E in mano, tra l’indice e il medio, praticamente ogni giorno, una canna. Hiller attraversa anche la fase da regista di documentari, e non su temi da nulla: nel 1986 ancora col cognome Warnow gira “Do Not Enter: The Visa war against ideas”, dove vengono illustrati gli effetti del McCarran Walter Act (1952), cascame maccartista che ha tenuto lontano dal suolo americano parecchi intellettuali, tra cui il citato Dario Fo, o Gabriel Garcia Marquez costretto ad una deroga speciale ogni volta vicino agli States per via delle simpatie comuniste. Poi nel 1994 ecco “Paul Bowles: The Outsider Complete”, film sull’oramai ottantenne scrittore e compositore Paul Bowles, autore de Il The nel deserto da cui Bertolucci trasse un film scabrosetto, raggiunto dalla Hiller in Marocco alle prese con le fumatine quotidiane di kif.
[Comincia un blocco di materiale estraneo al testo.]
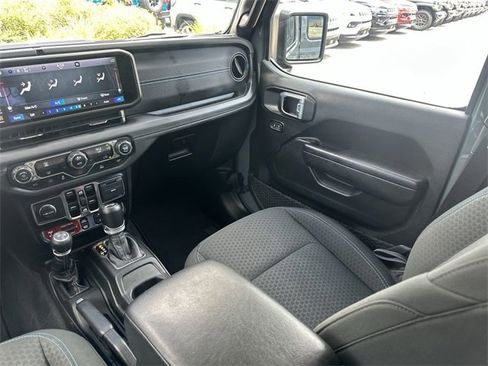 Used 2024 Jeep Wrangler Unlimited Rubicon 4xe image 14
“Quelli erano anni di divertimento, ma subito dopo il mio divorzio ho dovuto smettere e cercare un lavoro vero – ha spiegato la scrittrice/fumatrice – Il vero lavoro è stato molto diverso: vendere spazi pubblicitari per riviste mediche. Non avevo mai pensato a me stessa come venditrice, ma l’ho fatto per undici anni”. Solo che nelle pause pranzo, due ore al massimo, Catherine si esercita a scrivere. E scrive talmente bene che a metà anni duemila cominciano ad essere pubblicati alcuni suoi racconti: Cybill at burning man e Cybill in between, dove il sesso e le ammucchiate abbondano, con o senza marjuana, e con il plauso del signor John Updike; e ancora un libro con protagonista un bambino, Le avventure di Sid Sawyer; infine, l’autobiografia che viene recensita perfino sul New York Times. “I fumatori di marijuana hanno molto da imparare dai gay. Quando la gente ha cominciato a dire pubblicamente di essere gay, le leggi sono state modificate. Penso che sia importante per le persone come me di far conoscere agli altri che fumano erba”. Con il suo libro e una campagna web dove invita le persone a dichiarare le loro esperienze di fumatori la Hiller vuole andare dritto al sodo, la liberalizzazione della cannabis: “E’ difficile per le persone a cambiare la loro mente dopo tanti anni, ma basta guardare ai matrimoni tra persone dello stesso sesso: cinque anni fa niente sembrava possibile. Così se qualcuno si farà una canna per strada a breve rientrerà nella normalità e nessuno si alzerà sospettoso un sopracciglio”.